Saturday, September 18, 2010

Digital or film?

There's an interesting discussion of digital photography versus film photography over on Boing Boing focused on a commercial targeted at older people who may be averse to new technology. Frankly, I don't care if the Vivitar commercial is real or merely a clever satire. But the comments are revealing. I'm willing to bet that many of the commenters have little experience with film since the balance of opinion seems to come down on the side of digital photos.

I'm not going to discuss the pros and cons of each technology. If you're interested in that sort of thing please go read that long string of comments. But it did make me wonder why I'm so fascinated with old film cameras. I use both digital and film processes, but it seems I use them for different things.

I almost always have a digital point-and-shoot in my pocket. Actually, today I have two: an Olympus FE-320 that does excellent macro shots, and a Canon A590IS that does burst photos and will save in RAW format. Both are 8 megapixel cameras.

I carried a Yashica MG-1 today in addition to those two digital cameras.
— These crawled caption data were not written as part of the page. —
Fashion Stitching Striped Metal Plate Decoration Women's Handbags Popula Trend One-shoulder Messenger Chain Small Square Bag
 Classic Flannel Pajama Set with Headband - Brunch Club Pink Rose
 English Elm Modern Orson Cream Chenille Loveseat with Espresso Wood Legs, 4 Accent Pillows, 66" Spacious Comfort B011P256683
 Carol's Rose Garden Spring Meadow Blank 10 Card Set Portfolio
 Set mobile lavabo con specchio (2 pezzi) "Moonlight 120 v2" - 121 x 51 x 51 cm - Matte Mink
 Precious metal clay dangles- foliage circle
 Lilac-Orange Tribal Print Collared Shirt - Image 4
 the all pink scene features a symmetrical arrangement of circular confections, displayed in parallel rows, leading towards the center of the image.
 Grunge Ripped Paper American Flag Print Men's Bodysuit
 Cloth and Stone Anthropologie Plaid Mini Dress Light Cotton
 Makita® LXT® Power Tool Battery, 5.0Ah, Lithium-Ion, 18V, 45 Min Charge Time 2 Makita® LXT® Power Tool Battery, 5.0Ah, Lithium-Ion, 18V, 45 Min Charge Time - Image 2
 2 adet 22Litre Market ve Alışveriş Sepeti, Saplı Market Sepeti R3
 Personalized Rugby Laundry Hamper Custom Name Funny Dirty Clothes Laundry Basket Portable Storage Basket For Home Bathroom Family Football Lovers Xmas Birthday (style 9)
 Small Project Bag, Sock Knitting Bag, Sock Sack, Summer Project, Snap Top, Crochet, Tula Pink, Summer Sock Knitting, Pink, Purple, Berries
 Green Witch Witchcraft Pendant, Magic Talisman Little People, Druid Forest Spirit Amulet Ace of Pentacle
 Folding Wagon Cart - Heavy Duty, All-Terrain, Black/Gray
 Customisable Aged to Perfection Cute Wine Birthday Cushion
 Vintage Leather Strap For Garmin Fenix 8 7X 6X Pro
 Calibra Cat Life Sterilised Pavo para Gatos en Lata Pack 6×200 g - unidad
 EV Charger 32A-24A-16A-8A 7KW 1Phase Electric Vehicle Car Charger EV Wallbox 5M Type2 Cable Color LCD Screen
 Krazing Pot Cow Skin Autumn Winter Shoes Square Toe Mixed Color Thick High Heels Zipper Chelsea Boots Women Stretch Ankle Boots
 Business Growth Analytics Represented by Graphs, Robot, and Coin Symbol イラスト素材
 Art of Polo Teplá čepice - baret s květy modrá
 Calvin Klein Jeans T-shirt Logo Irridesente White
The MG-1 is a simplified version of the Electro series with a 45mm f2.8 lens rather than the f1.7. I'm running the first roll of film through it since I cleaned the rangefinder and installed new seals. I'll know more in a few days.

One appealing aspect of digital photography is the instant gratification and instant feedback that can hasten the learning process. If you understand the three way balance between aperture, shutter speed, and film speed, you're going to have little difficulty using either digital or film cameras. There's no contest when it comes to size and weight. That Olympus FE-320 is smaller than a pack of cigarettes while the Yashica Electro is Godzilla by comparison.

So what's the appeal of a heavy, bulky 35mm rangefinder that's over 30 years old - ancient technology by today's standards? First, let's talk about focus. The autofocus in my little point and shoot is usually good, but in low light it's not always accurate, and given the small size of the screen, it's sometimes difficult to determine if a shot was in focus. The Yashica, on the other hand, makes focus easy, even in low light or with my glasses. I rarely have out of focus shots with it unless I'm hurried.

One other aspect of an old, apparently obsolete camera is that people don't take it seriously. (That's beside the fact that I often wear those loud Hawaiian shirts that make me look like a tourist!) People aren't as wary of old 'amateur' cameras where they may be more guarded when a big DSLR is pointed in their direction. That's equally true of tiny point and shoot cameras too, but I expect that will change as more mirrorless digital cameras come into the market.

I have film processed in the mini-lab at our local Drug Warehouse. They give me both prints and a CD with scanned copies of my photos. The jpegs are roughly 5 megs apiece. I think that would be equivalent to a sensor of 10 or 12 megapixels, but that's a guess. Still, I couldn't find an electronic camera equivalent to that for the same price as one of the Yashicas.

Finally, I just enjoy tinkering with these old cameras. Cleaning and repairing them is as fascinating as using them, but then I've always been fascinated by shiny mechanical objects. I enjoy reading and learning about them too. The ultimate test, though, is always the photos they produce. I'd like to become a better photographer, and I expect that will be a longer, more difficult task regardless of the choice of equipment.